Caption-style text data
######
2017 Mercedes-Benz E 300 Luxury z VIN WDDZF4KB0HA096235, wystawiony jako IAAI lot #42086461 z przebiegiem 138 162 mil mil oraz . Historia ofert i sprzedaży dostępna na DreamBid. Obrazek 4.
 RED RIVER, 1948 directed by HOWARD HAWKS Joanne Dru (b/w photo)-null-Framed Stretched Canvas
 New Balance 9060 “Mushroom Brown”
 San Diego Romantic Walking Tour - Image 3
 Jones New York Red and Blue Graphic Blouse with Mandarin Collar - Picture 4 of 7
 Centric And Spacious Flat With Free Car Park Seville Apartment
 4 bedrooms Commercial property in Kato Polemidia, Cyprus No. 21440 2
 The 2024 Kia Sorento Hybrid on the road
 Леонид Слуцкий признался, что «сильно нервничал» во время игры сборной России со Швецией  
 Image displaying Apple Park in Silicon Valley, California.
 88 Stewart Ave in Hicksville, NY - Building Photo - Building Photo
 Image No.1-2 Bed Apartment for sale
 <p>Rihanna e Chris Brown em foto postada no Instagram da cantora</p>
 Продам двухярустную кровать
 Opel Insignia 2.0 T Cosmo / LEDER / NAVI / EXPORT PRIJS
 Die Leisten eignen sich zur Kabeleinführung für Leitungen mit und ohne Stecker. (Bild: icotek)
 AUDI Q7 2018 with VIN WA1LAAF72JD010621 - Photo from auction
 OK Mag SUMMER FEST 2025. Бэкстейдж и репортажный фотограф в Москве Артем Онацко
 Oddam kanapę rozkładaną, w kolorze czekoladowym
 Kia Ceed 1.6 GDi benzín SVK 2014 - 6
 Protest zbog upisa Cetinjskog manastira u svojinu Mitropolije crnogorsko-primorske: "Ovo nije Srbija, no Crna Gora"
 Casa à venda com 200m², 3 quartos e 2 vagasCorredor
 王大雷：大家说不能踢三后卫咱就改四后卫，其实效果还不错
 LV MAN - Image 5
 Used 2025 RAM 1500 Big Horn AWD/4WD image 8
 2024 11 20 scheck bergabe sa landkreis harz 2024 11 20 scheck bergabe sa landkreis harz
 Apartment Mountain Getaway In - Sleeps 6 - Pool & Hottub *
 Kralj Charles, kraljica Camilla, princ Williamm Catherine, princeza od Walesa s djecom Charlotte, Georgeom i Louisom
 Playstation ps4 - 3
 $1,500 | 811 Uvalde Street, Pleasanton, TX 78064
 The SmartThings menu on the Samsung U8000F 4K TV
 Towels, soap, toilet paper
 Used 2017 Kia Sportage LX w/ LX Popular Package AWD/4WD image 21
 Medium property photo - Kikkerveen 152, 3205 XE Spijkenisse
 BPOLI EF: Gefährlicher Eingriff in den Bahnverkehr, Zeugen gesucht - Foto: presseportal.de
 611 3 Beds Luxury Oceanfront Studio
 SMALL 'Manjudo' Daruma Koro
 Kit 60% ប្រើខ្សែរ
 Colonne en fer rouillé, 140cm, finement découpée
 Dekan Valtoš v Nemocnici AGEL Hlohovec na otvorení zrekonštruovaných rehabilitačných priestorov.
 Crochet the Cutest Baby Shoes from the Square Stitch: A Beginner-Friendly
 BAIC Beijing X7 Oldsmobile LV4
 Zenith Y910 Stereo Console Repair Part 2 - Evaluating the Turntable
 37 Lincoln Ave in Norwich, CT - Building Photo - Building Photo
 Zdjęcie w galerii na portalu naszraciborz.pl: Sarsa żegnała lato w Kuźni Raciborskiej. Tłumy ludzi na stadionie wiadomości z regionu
######
### WHAT IS BEING ASKED
What is needed is a word-for-word copy of the records above, from the first line through the line that contains "Kia Ceed 1.6 GDi benzín SVK 2014 - 6".

### REPLY
2017 Mercedes-Benz E 300 Luxury z VIN WDDZF4KB0HA096235, wystawiony jako IAAI lot #42086461 z przebiegiem 138 162 mil mil oraz . Historia ofert i sprzedaży dostępna na DreamBid. Obrazek 4.
 RED RIVER, 1948 directed by HOWARD HAWKS Joanne Dru (b/w photo)-null-Framed Stretched Canvas
 New Balance 9060 “Mushroom Brown”
 San Diego Romantic Walking Tour - Image 3
 Jones New York Red and Blue Graphic Blouse with Mandarin Collar - Picture 4 of 7
 Centric And Spacious Flat With Free Car Park Seville Apartment
 4 bedrooms Commercial property in Kato Polemidia, Cyprus No. 21440 2
 The 2024 Kia Sorento Hybrid on the road
 Леонид Слуцкий признался, что «сильно нервничал» во время игры сборной России со Швецией  
 Image displaying Apple Park in Silicon Valley, California.
 88 Stewart Ave in Hicksville, NY - Building Photo - Building Photo
 Image No.1-2 Bed Apartment for sale
 <p>Rihanna e Chris Brown em foto postada no Instagram da cantora</p>
 Продам двухярустную кровать
 Opel Insignia 2.0 T Cosmo / LEDER / NAVI / EXPORT PRIJS
 Die Leisten eignen sich zur Kabeleinführung für Leitungen mit und ohne Stecker. (Bild: icotek)
 AUDI Q7 2018 with VIN WA1LAAF72JD010621 - Photo from auction
 OK Mag SUMMER FEST 2025. Бэкстейдж и репортажный фотограф в Москве Артем Онацко
 Oddam kanapę rozkładaną, w kolorze czekoladowym
 Kia Ceed 1.6 GDi benzín SVK 2014 - 6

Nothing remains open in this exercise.